## Instructions to follow:
Using the listing below, output only the lines from the one that contains "LOKIH giacca da" through the one that contains "Six Channel 2.4GHz", inclusive, exactly as given and without images.

==== Dataset content

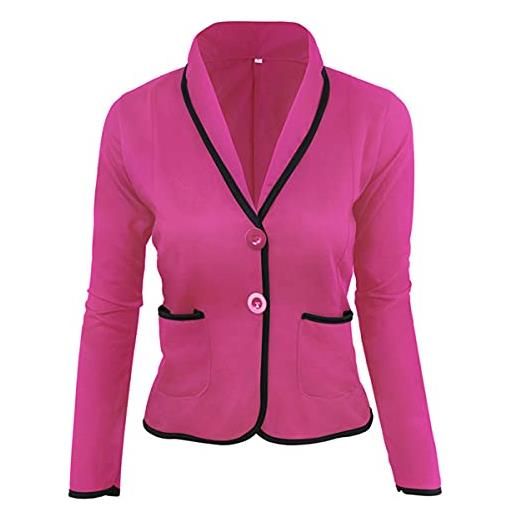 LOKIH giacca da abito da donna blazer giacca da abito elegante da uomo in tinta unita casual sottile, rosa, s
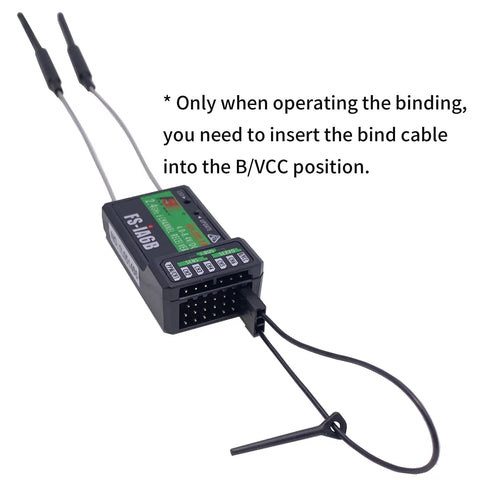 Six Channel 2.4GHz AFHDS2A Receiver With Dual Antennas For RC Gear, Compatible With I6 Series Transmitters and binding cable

========
==== Dataset content

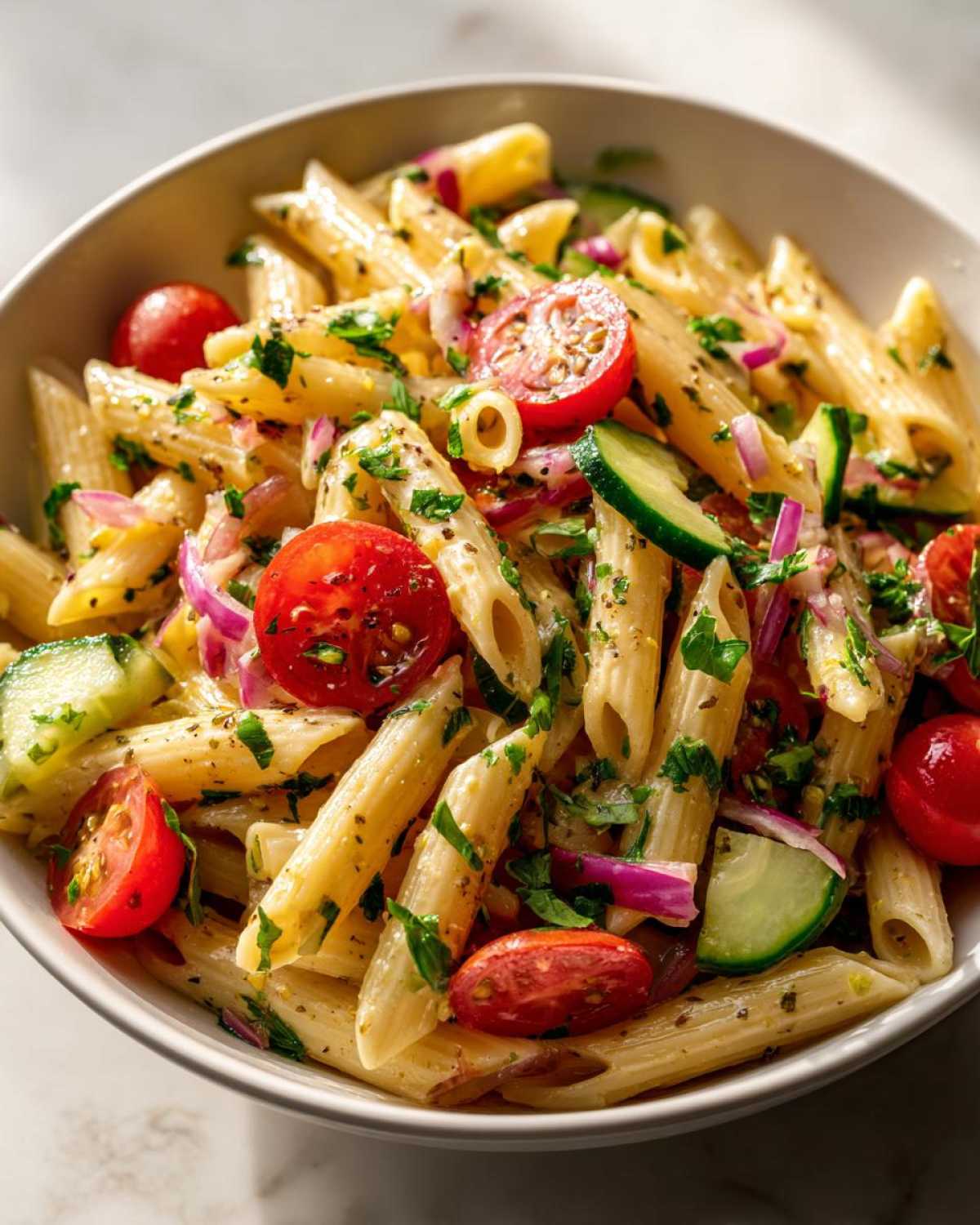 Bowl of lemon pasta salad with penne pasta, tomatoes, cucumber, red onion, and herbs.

========
==== Dataset content

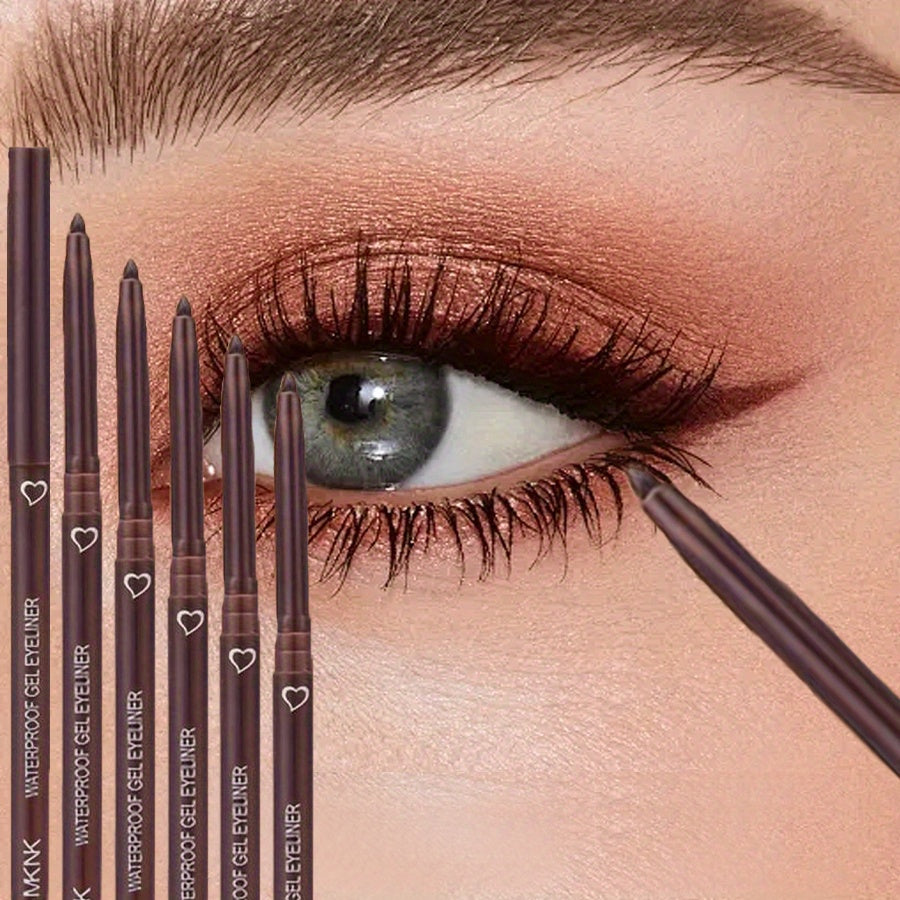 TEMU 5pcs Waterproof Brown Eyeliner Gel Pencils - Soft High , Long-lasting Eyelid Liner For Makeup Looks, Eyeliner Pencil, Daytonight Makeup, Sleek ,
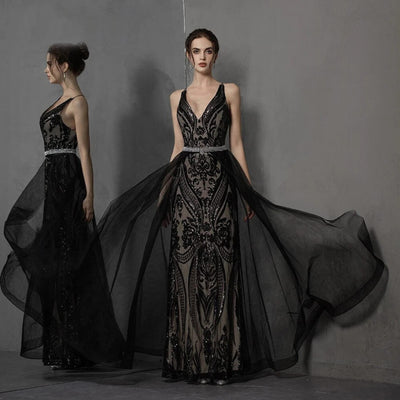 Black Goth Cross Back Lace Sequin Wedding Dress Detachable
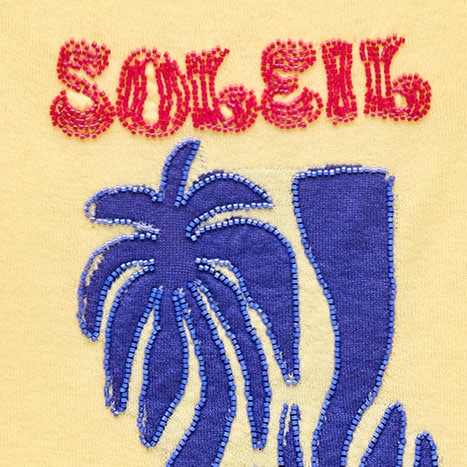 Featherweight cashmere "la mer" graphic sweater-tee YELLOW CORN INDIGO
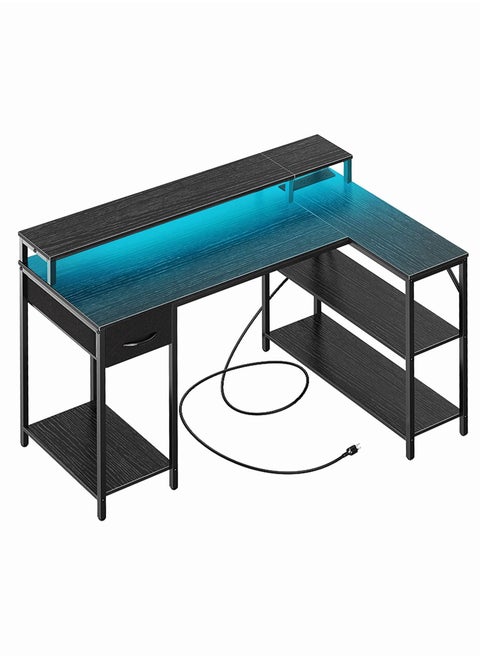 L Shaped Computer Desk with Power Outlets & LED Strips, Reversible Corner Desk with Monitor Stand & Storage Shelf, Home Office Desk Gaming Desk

========

## Exercise result:
 LOKIH giacca da abito da donna blazer giacca da abito elegante da uomo in tinta unita casual sottile, rosa, s
 Six Channel 2.4GHz AFHDS2A Receiver With Dual Antennas For RC Gear, Compatible With I6 Series Transmitters and binding cable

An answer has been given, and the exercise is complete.